MOODY’S REPORTS: LATVIAN BANKS’ STABLE OUTLOOK REFLECTS IMPROVED CREDIT FUNDAMENTALS, AS WELL AS IMPACT OF EU ACCESSION; CAUTIONS HOWEVER ON FAST LOAN GROWTH
London, 11 May 2004 -- The overall stable credit outlook for Latvian banks reflects the supportive economic environment in Latvia, the expectation of a generally positive impact from the country’s EU accession and the progress in strengthening sustainable profitability, Moody’s Investors Service says in its new Banking System Outlook report for Latvia. Furthermore, foreign ownership of some of the largest financial institutions exerts a positive influence on the stability and performance of the Latvian banking sector. However, Moody’s also notes the challenges posed by the buoyant expansion of the loan books, Latvia’s economic vulnerability to external shocks and, for the smaller banks, potential competitive disadvantages unless these banks successfully develop sustainable niche strategies.
The consolidation of Latvia’s banking system over the past decade has had positive implications for the strength of the sector as a whole, as well as for individual banks and the domestic economy. Over time, and reinforced by the stringent regulatory framework, this has led to greater customer confidence in Latvia’s banks, resulting in growing transaction volumes and account balances, says Guido Versondert, a Moody’s Vice President-Senior Analyst and author of the report.
At present, there are still 23 banks active in Latvia, comprising domestic institutions as well as subsidiaries and branches of large foreign banking groups, down from 63 banks at the end of 1993. However, the sector is already fairly highly concentrated the three largest banks accounted for 61% of customer loans and 50% of deposits and no bank outside the top four has a market share of more than 5%. Moody’s cautions that, in light of the scale-sensitive nature of banking and their growing investment needs, the smaller banks will need to develop successful niche businesses or be backed by strong and committed owners if they are to avoid being at a severe competitive disadvantage.

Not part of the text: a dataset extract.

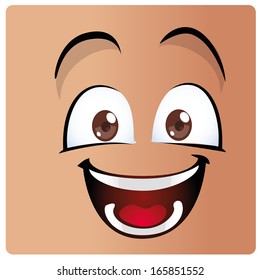a big open smile in a big face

We expect Latvia’s accession to the European Union in May 2004 to have overall positive implications for the political stability and economic performance of the country. In terms of real economic growth, investments and employment levels, macroeconomic conditions should remain conducive to the banks’ business and performance in 2004, Versondert notes. Nonetheless, Moody’s remains cautious with respect to Latvia’s vulnerability to external shocks, which could primarily result from the large current account deficits and the comparatively high proportion of short-term foreign borrowings.
The Latvian banking system has typically mirrored domestic economic developments. Rapid balance sheet growth for most banks was initially driven by strong deposit collection and, more recently, by the expansion of their loan portfolios. In particular, buoyant demand for, and strong supply of, mortgage loans has created significant momentum. Although Moody’s expects the current trends to remain intact for the foreseeable future with only a gradual abatement in growth rates, a property market-related crisis remains a potential risk to the banking sector.

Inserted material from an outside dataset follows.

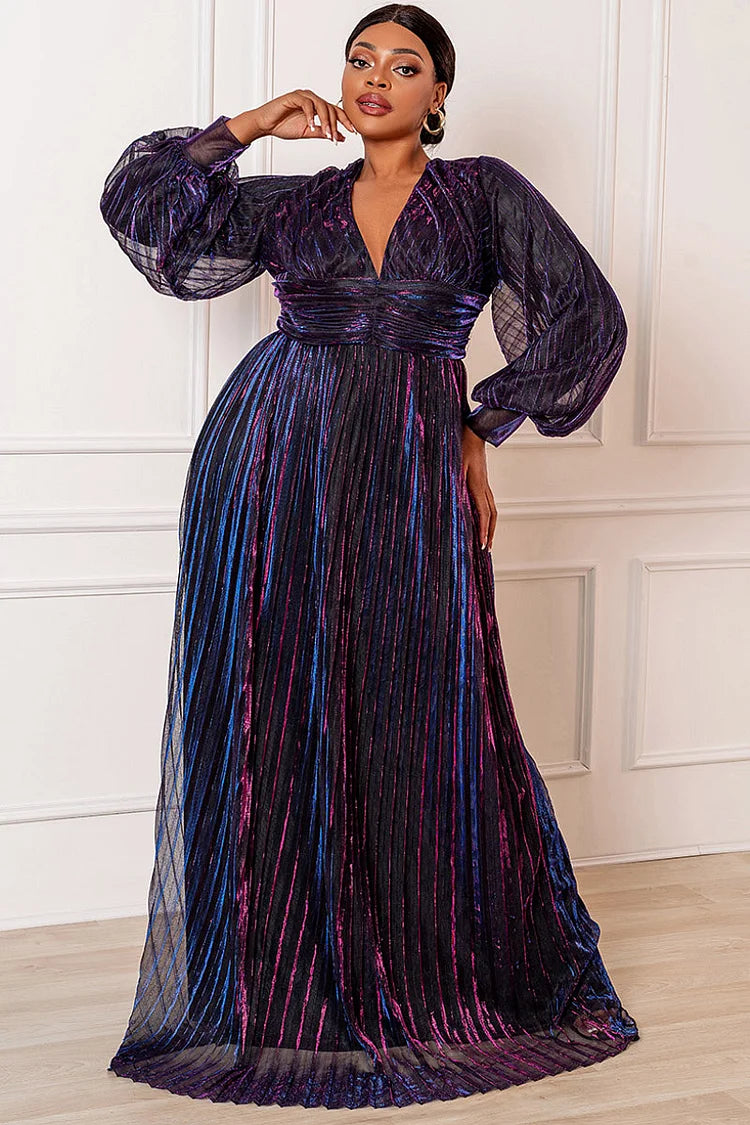 Plus Size Formal Multicolor Iridescent Pleated Metallic V Neck Puff Sleeves Maxi Dresses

On a positive note, Moody’s derives comfort from the ongoing improvements in banks’ underwriting practices and supervisory standards. The influence of foreign owners has proven particularly beneficial in this regard.
To date, Moody’s has assigned credit ratings to the following banks in Latvia: Baltic International Bank (B1/NP/E+),Baltijas Tranzitu banka (Baltic Transit Bank, Ba3/NP/D), Latvijas Hipoteku un zemes banka (Mortgage and Land Bank of Latvia, A2/P-1/D-), Latvijas Unibanka (A2/P-1/C-) and Parex Bank (Ba1/NP/D+). In addition, Moody’s also rates Hansapank (A1/P-1/C), the Estonian parent of Latvian institution Hansabank.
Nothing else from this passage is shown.